Curatorial Projects > By-product Becomes Product (2013)

By-product Becomes Product

A group exhibition featuring work by Russell Baldon, Julia Goodman, Barbara Holmes, Christine Lee, Scott Oliver, and Imin Yeh in collaboration with U.S. Department of Agriculture Forest Products Laboratory Research Engineer John F. Hunt

February 6 – March 30, 2013
Intersection for the Arts
San Francisco, CA

Over the past couple of years, artist Christine Lee has been working with the U.S. Department of Agriculture’s Forest Products Laboratory (FPL) in Madison, WI to explore alternative approaches to material use and investigate material choices that could establish a healthier creative practice. Concerned about the health effects of working with commonly available composite wood panels such as medium density fiberboard (MDF), particle board, and certain plywoods, she worked collaboratively with FPL Research Engineer John F. Hunt to create boards made from sawdust and recycled paper pulp fibers that contain no adhesives or toxic compounds and are biodegradable and recyclable.

The genesis for this project came when Lee was a Resident Artist at the University of Wisconsin-Madison Art Department’s Wood Program in 2010. Already concerned about the health effects of working with commonly available composite wood panels, Lee wanted to explore alternative approaches to material use and investigate material choices that could establish a healthier creative practice during her residency. Formaldehyde resins and glues are commonly used to bind together both plywood and MDF, and testing has consistently revealed that these wood boards emit urea-formaldehyde and other volatile organic compounds (VOCs) for months after manufacture, let alone the harmful, residual particles created from cutting the boards. The U.S. Environmental Protection Agency classified urea-formaldehyde as a “probable human carcinogen” as early as 1987.
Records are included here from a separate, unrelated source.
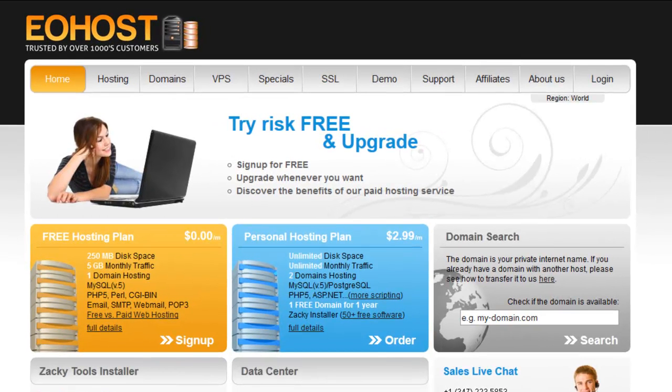It comes with 250 megabytes of disk space, 5 gigs of monthly traffic, the option to use your own domain name, no banner ads, and supports PHP, MySQL, Perl, and CGI Bin.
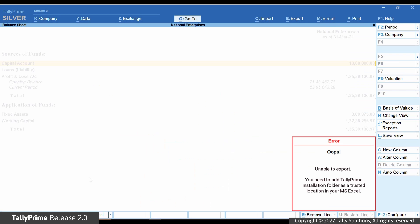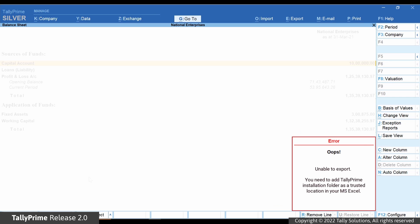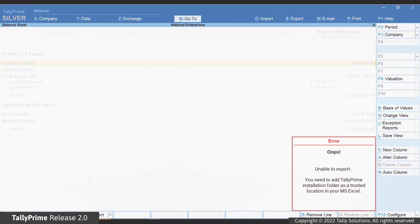The error 'unable to export — you need to add Tally Prime installation folder as a trusted location in your MS Excel' appears in Tally Prime while exporting data in the MS Excel format.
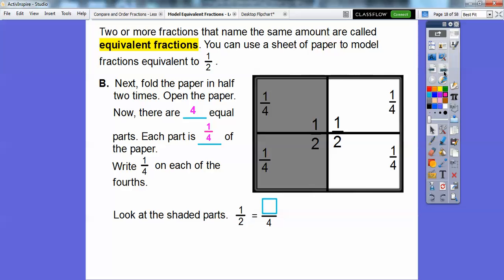Now look at the shaded parts. Remember this first part, which was one half. This one half is going to equal these two fourths. There are two of them right there. So one half equals two fourths. These are equivalent fractions — one half and two fourths are equivalent to each other because they're the same piece of paper.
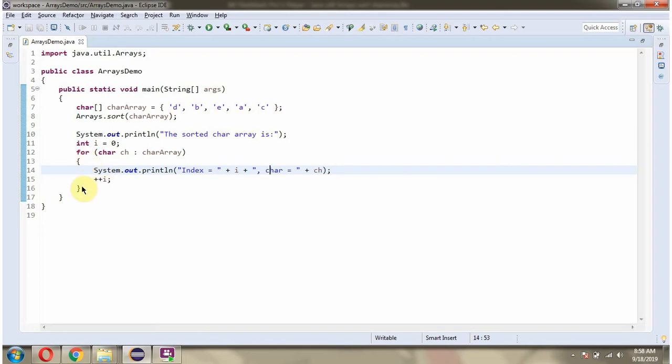Then using a for-each loop, I'm getting each character from the character array and displaying them one by one.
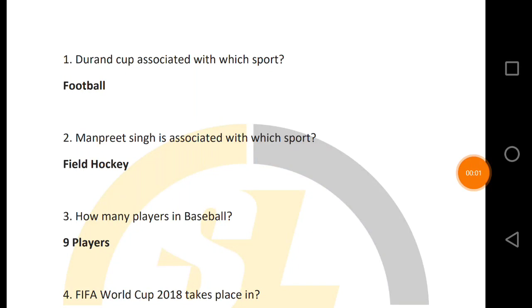Hello friends, welcome to S2L Learning. Now we are going to talk about Top 50 questions for sports. I am taking all of the most important questions that users have requested about sports.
During her residency, Lee worked with a supply of excess, post-industrial wood donated from a local millwork company. Being accountable for even more waste, Lee collected the sawdust she generated and worked with USDA FPL Research Engineer John F. Hunt to create test panels with the sawdust supply, in essence producing usable material out of typically discarded by-product. Working at the USDA FPL since 1979, Hunt has been committed to discovering innovative ways to utilize wood waste with cutting-edge technology and manufacturing methods. Building upon Hunt’s extensive research knowledge on molded fiber products and recycling paper into structural products, Lee and Hunt used various forming processes to create sawdust composite boards exhibiting properties similar to current manufactured wood boards such as MDF. These new boards, however, do not contain added adhesives, are entirely biodegradable and recyclable, and do not emit urea-formaldehyde or other VOCs. Given that The Formaldehyde Standards for Composite Wood Products Act was passed by Congress and signed into law by President Obama last year to regulate formaldehyde omissions, this project is both timely and relevant to larger social concerns. Lee and Hunt are currently working with a patent advisor to obtain a provisional patent on their process.
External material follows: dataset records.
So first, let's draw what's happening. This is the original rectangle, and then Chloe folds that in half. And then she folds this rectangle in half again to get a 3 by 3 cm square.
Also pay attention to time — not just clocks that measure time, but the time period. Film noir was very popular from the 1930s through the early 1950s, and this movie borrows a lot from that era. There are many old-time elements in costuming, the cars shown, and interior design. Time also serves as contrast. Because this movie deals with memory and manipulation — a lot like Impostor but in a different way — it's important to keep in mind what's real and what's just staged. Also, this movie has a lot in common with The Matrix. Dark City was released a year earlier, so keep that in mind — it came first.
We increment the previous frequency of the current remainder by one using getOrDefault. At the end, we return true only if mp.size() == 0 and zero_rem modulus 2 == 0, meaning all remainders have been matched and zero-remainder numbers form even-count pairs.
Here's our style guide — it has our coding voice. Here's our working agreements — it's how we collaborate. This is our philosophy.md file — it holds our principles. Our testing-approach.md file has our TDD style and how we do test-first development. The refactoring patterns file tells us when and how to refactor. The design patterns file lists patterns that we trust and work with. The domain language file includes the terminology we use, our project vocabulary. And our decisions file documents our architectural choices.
Influenced by the prevalent theories and practices of materials reclamation, resource conservation, and recycling in contemporary art, Lee is proposing an innovative solution to working with composite wood boards that are free of toxic adhesives and binders, effectively utilizing excess waste, offering a safer alternative to readily available plywood and medium density fiberboard (MDF), and creating value to a common, abundant by-product for use by a range of artistic and industrial disciplines. We have given these boards to five artists who use wood as their primary material to create new work for this exhibition. Showcasing a broad range of conceptual and aesthetic styles, demonstrating diversity of construction and fabrication techniques, and blurring boundaries between fine art, craft, industrial design, and interactive installation, this project embodies Intersection’s commitment to supporting innovative thought that facilitates positive change.